=== Task objective ===
Leaving out the images, return the data below exactly as it is written.

=== Available data ===
▶

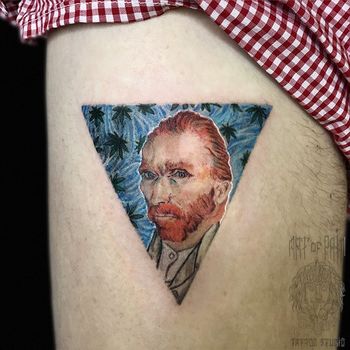 Татуировка мужская реализм на бедре ван гог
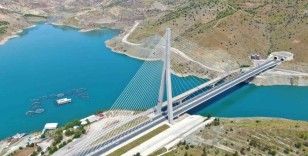 16 şehri birbirine bağlayan ’Fırat’ın gerdanlığı’ Kömürhan Köprüsünü 7 milyondan fazla araç kullandı
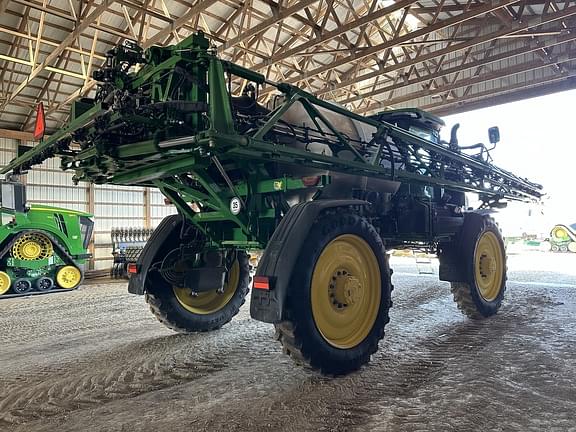 Image of John Deere 616R equipment image 3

◀

=== Solution for this task ===
 Татуировка мужская реализм на бедре ван гог
 16 şehri birbirine bağlayan ’Fırat’ın gerdanlığı’ Kömürhan Köprüsünü 7 milyondan fazla araç kullandı
 Image of John Deere 616R equipment image 3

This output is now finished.